DONDE SE PROSIGUE LA HISTORIA DE MRS. FITZPATRICK.
—Después de nuestro matrimonio permanecimos en Bath un par de semanas. No había que pensar en una reconciliación con mi tía. En cuanto a mi fortuna, no podía tocarse hasta que yo fuera mayor de edad, para lo cual me faltaban aún dos años. Mi marido entonces decidió que debíamos irnos a Irlanda, a lo que yo me opuse resueltamente, recordándole una promesa que me había hecho antes de casarnos. Me prometió que jamás haríamos ese viaje en contra de mi voluntad, y en mi interior jamás accedí a él, ni creo que nadie pueda echarme en cara mi resolución a este respecto. Aunque no se lo confesé a mi marido, limitándome a suplicarle que lo retrasara un mes. Pero él ya había fijado la fecha de partida y no quería desistir de su propósito.

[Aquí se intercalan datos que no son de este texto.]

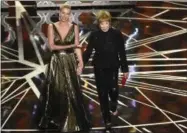  ??  ?? Charlize Theron, left, and Shirley MacLaine present the award for best foreign language film at the Oscars on Sunday, at the Dolby Theatre in Los Angeles.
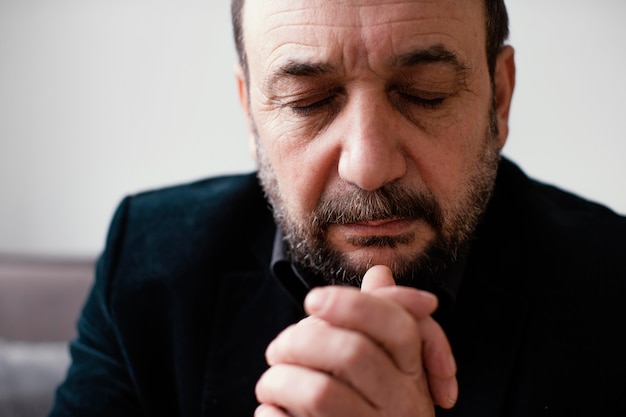 Religious man praying peacefully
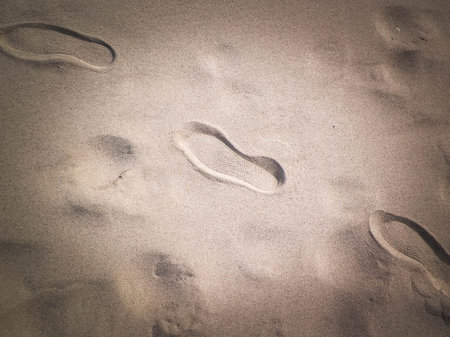 Travelers footstep on beach or desert. Natural background.の写真素材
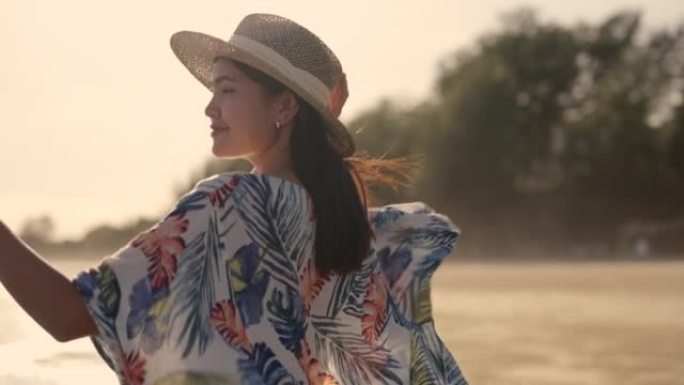 使用智能手机的亚洲妇女在日落时在海滩上自拍。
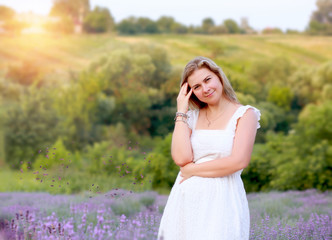 Fototapeta na wymiar woman in a white sundress walks in a lavender field and rests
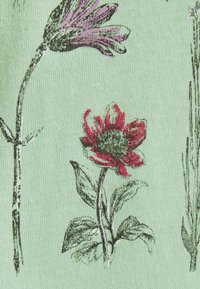 Tissu en coton vert pâle avec des imprimés floraux ; présente une fleur rouge et une fleur violette délicatement esquissées avec des contours noirs et des accents verts.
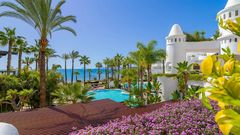 Blick über blühende Pflanzen auf eine paradiesische Hotelanlage mit weißen Türmen, tropischen Palmen, einer großzügigen Poollandschaft und dem strahlend blauen Meer im Hintergrund.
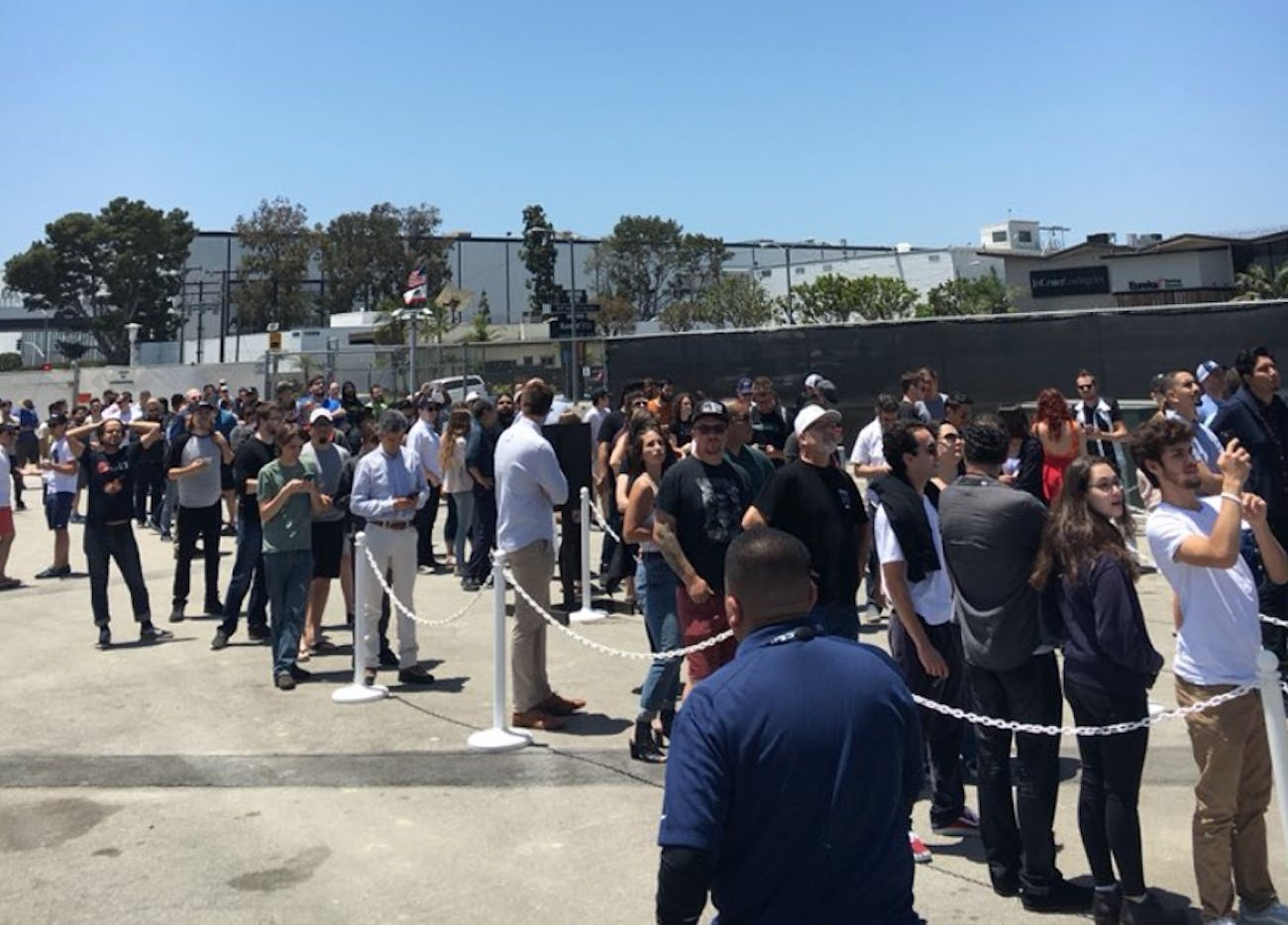 People lined up to receive flamethrowers.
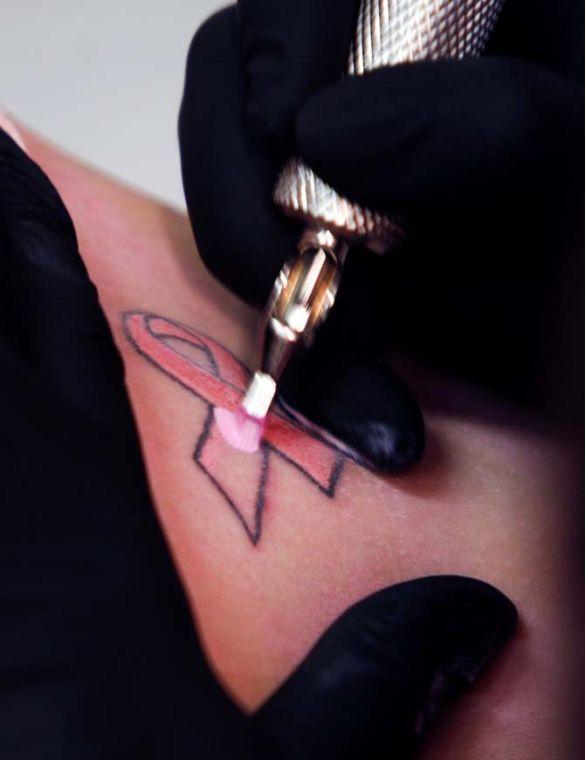 Corey Conway, of Owl's Head, Maine, gets a tattoo in the shape of the pink ribbon that is the icon for breast cancer at a shop in Augusta, Maine, on Wednesday, Dec. 2, 2009. Conway's mother, Mary Rapose, of Owl's Head, has been diagnosed with breast cancer and family members are showing their support by getting tattoos with the classic pink ribbon icon.(AP Photo/Pat Wellenbach)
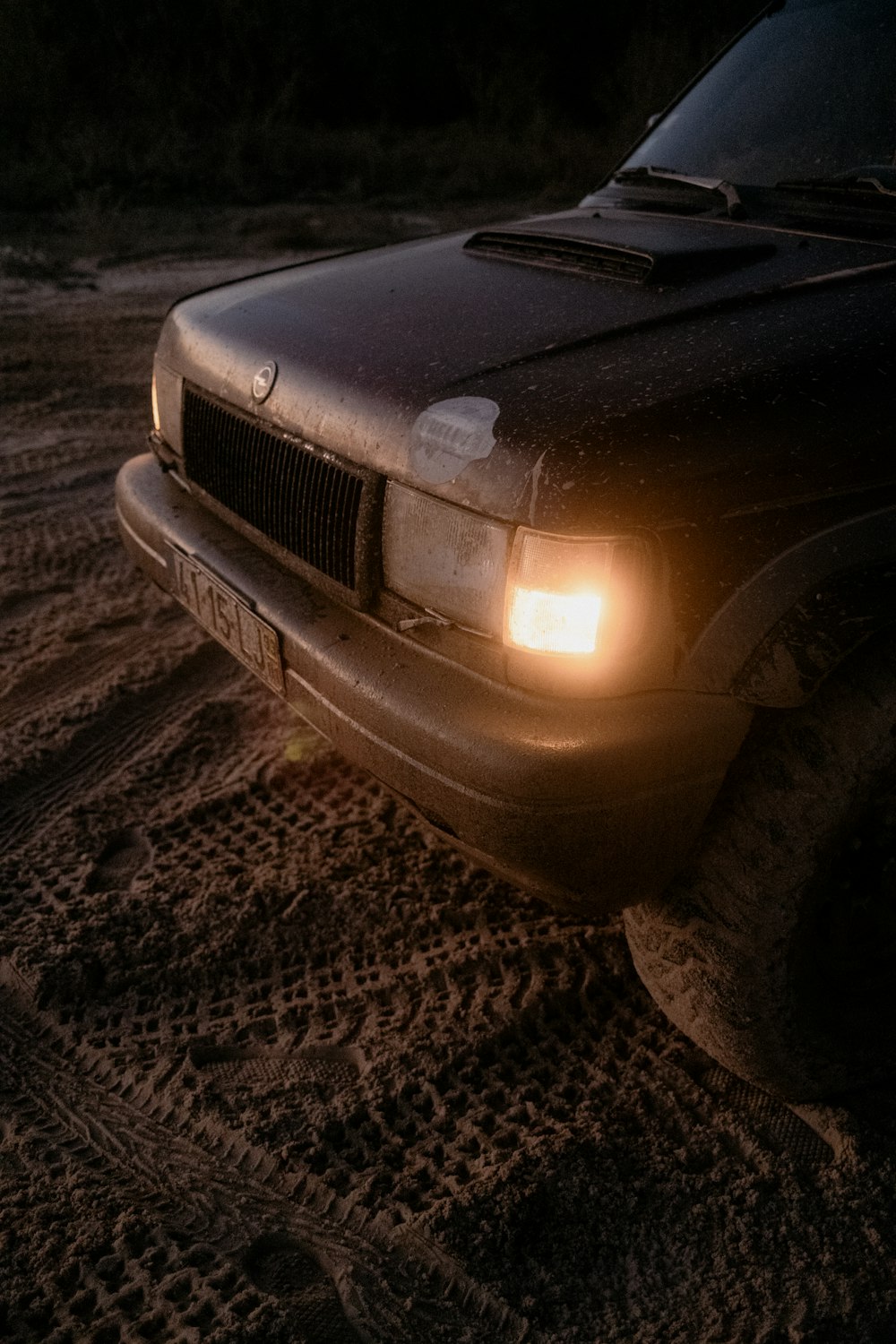 a truck is driving through the mud at night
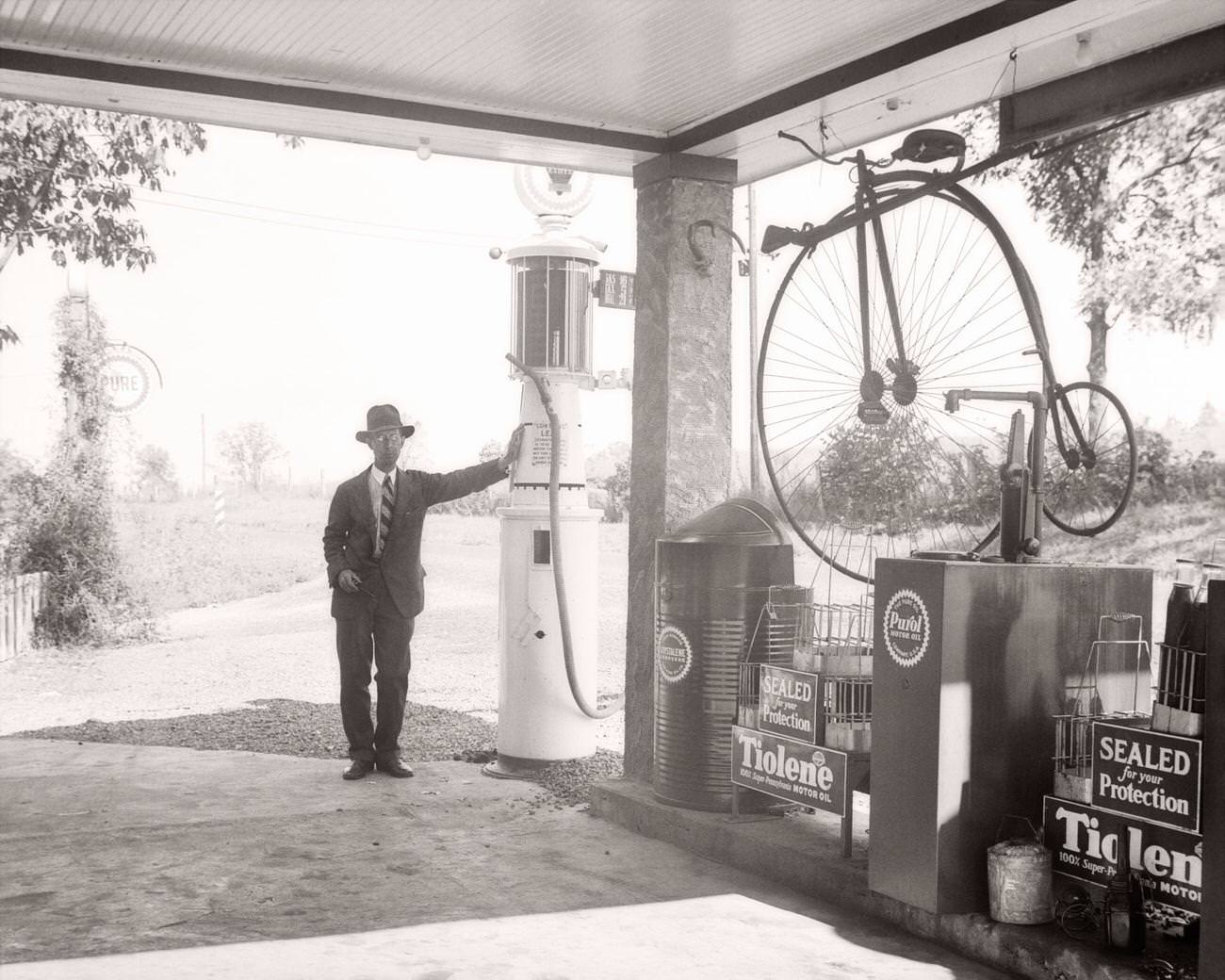 #17 Man leaning on gas pump at filling station in Ohio with antique displays, 1940s.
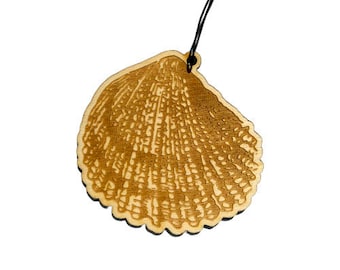 May include: A wooden ornament shaped like a seashell with a detailed laser-cut design. The ornament is light brown and has a black string for hanging.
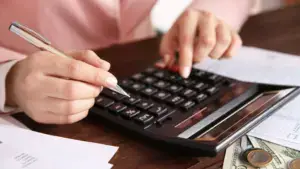 A person calculating their costs.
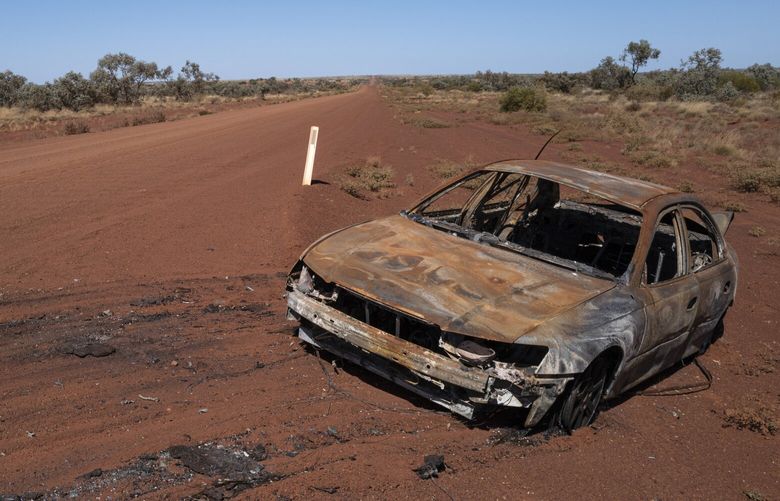 ALONG THE OUTBACK WAY AUSTRALIA – AUGUST 23 A destroyed vehicle is seen on August 23, 2022 along the Outback Way, Australia. Abandoned and wrecked cars are a frequent sight along the entire route. Many people leave the vehicles because of the exorbitant costs involved in getting a vehicle towed in the remote region. Accidents due to poor highway conditions and often, wildlife and livestock that has wandered onto the road are common. MUST CREDIT: Washington Post photo by Michael Robinson Chavez.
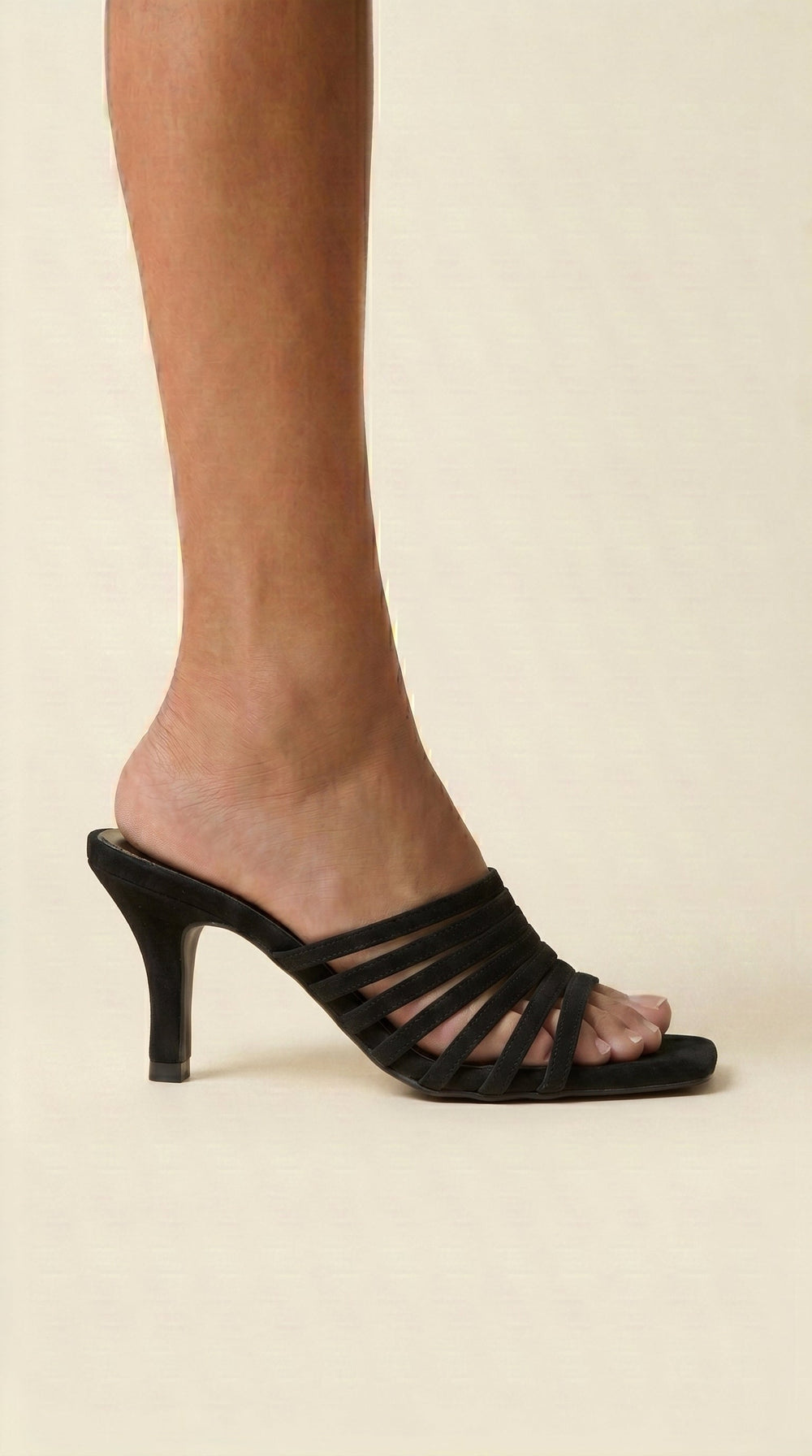 Black suede sandal on a beige background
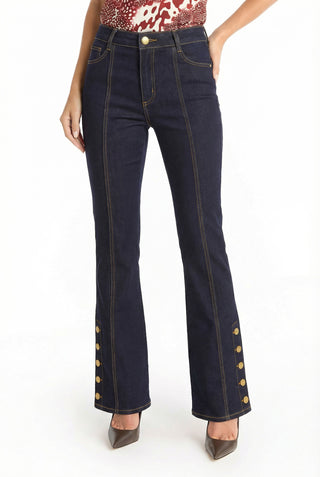 Wearing the Veronica Button Jean in Indigo—high-waisted dark blue flare jeans with gold outer seam buttons, four-way stretch denim, and a leg-lengthening fit—paired with a red and white patterned top and pointed-toe heels against a plain white background.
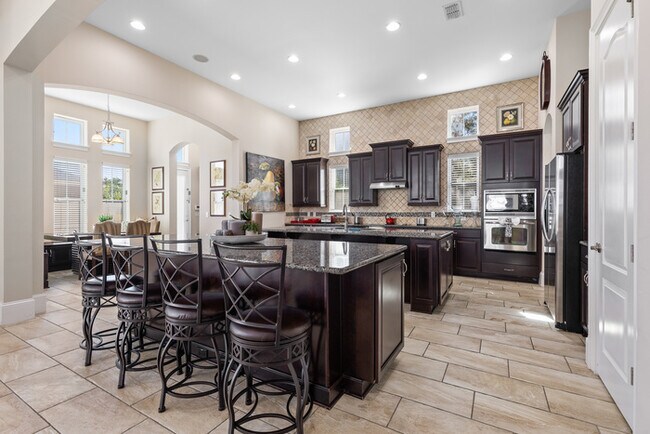 Building Photo - Luxury Waterfront Pool Home in Laureate Park | 4BR + Water Views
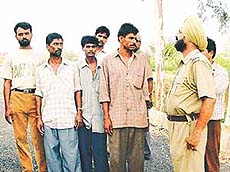 A police official questions migrant labourers in connection with murder of a labourer in Ludhiana on Saturday.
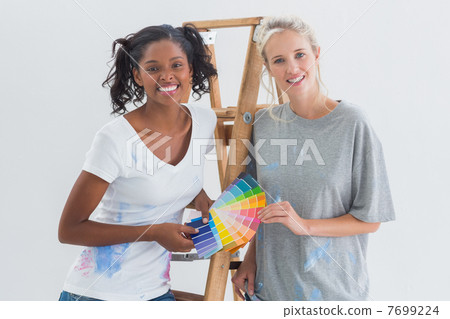 Friendly housemates choosing colour for wall looking at camera Friendly housemates choosing colour for wall looking at camera 7699224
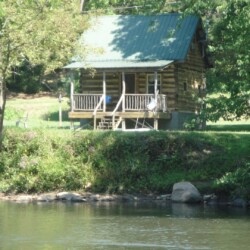 A rustic log cabin with a green roof is situated by a river, surrounded by trees and greenery.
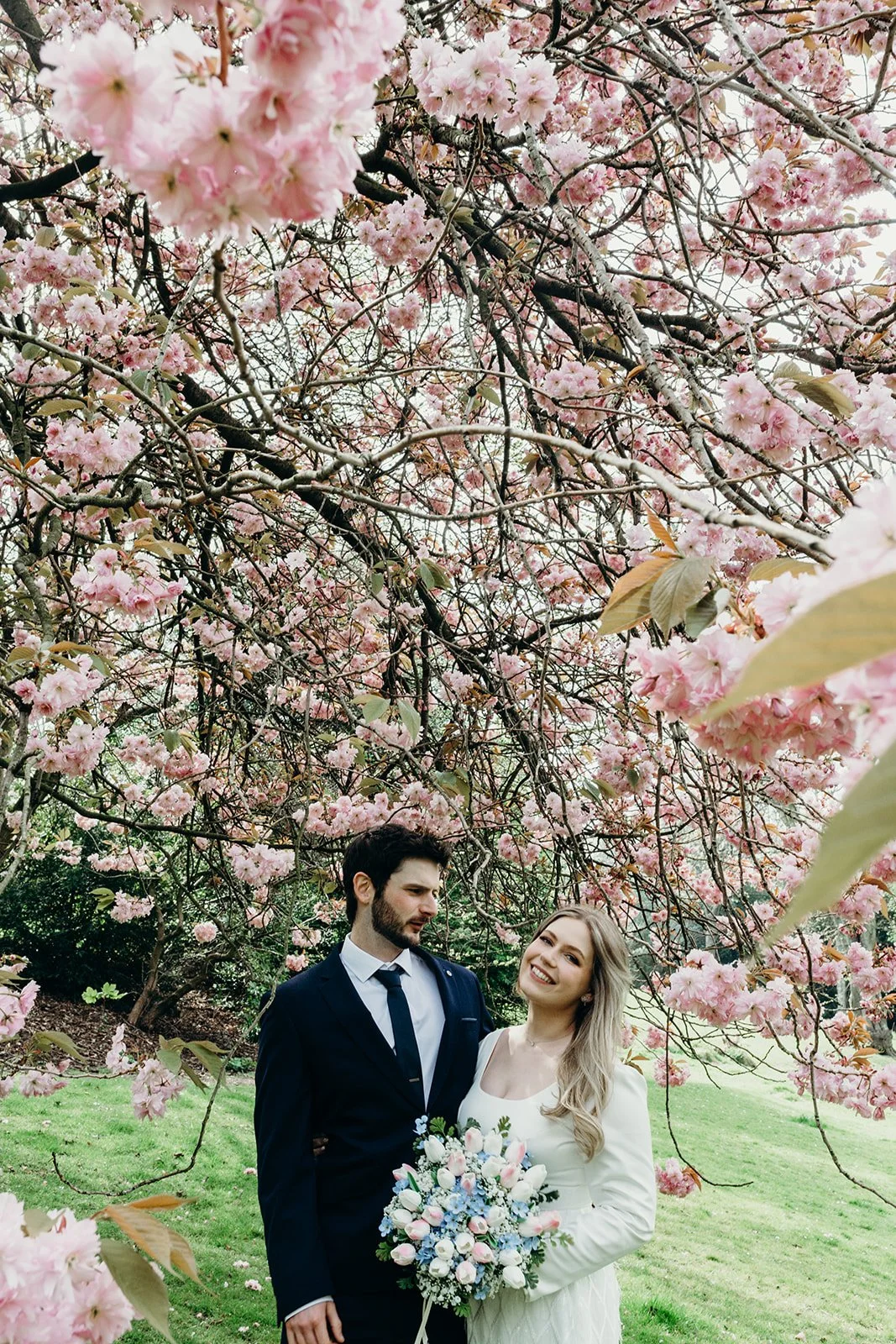 A couple in wedding attire stands under pink flowering cherry blossom trees, with the bride holding a bouquet and smiling.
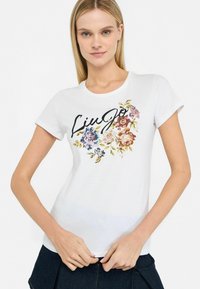 Hvid kortærmet T-shirt med farverigt blomstermotiv og "Liu Jo" branding i en stilfuld, skrå skrifttype. Blødt bomuldsstof.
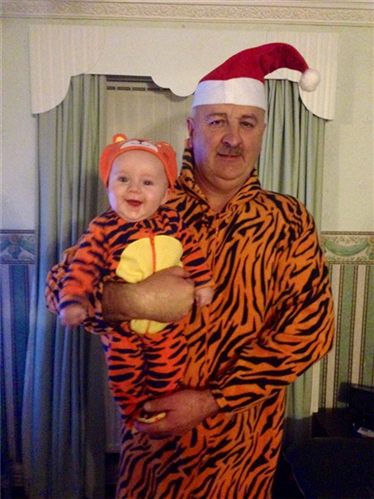 A man holding a baby, where both are in orange and black tiger costumes.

»La víspera de la marcha ambos nos pusimos a discutir el asunto del viaje con gran acaloramiento. Entonces él se levantó del asiento que ocupaba y dijo que se iba al club. Poco después que él saliera descubrí un papel en el suelo del gabinete donde habíamos discutido, que yo supuse que se le habría caído involuntariamente del bolsillo al sacar el pañuelo. Lo recogí y al ver que se trataba de una carta no tuve el menor inconveniente en abrirla y leerla. La leí tantas veces, que ahora puedo repetírtela casi palabra por palabra. La carta decía lo siguiente:
Mr. Brian Fitzpatrick.
Muy señor mío: Acabo de recibir su carta y me sorprende sobremanera que me trate usted de ese modo, cuando lo cierto es que no he recibido ningún dinero suyo, salvo el importe de una casaca, y su cuenta en la actualidad sobrepasa las cincuenta libras. Recapacite, señor, en las veces que me ha engañado usted diciéndome que iba a casarse con esta o aquella dama. Pero yo no puedo vivir de esperanzas ni de promesas, ni el que me suministra las telas las aceptará en pago de lo que le adeude. Ahora me dice usted que está seguro de lograr a la tía o a la sobrina, y que se hubiera casado con la tía, cuyos bienes parafernales son cuantiosos, según le consta, pero que ha preferido a la sobrina a causa del dinero contante y sonante de que dispone. Le suplico, señor, que acepte mi consejo y se case con la primera que pueda. Creo que me perdonará usted el que le dé un consejo, ya que le consta que tan sólo deseo su bien. Giraré a su cargo, por el próximo correo, por mediación de la casa John Drugget y Compañía, a catorce días vista.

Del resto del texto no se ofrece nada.